Starting at the line that contains "Cappellino da baseball", restate each line word for word through the final line of the data, keeping both ends.

(Crawled caption data)
——————

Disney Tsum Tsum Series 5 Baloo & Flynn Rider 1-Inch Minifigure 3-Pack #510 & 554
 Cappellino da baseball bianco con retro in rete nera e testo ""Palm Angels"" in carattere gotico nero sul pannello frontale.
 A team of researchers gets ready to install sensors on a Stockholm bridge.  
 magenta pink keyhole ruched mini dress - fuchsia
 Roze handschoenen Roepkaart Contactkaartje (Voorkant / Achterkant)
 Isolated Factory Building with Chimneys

——————

Expected output |
 Cappellino da baseball bianco con retro in rete nera e testo ""Palm Angels"" in carattere gotico nero sul pannello frontale.
 A team of researchers gets ready to install sensors on a Stockholm bridge.  
 magenta pink keyhole ruched mini dress - fuchsia
 Roze handschoenen Roepkaart Contactkaartje (Voorkant / Achterkant)
 Isolated Factory Building with Chimneys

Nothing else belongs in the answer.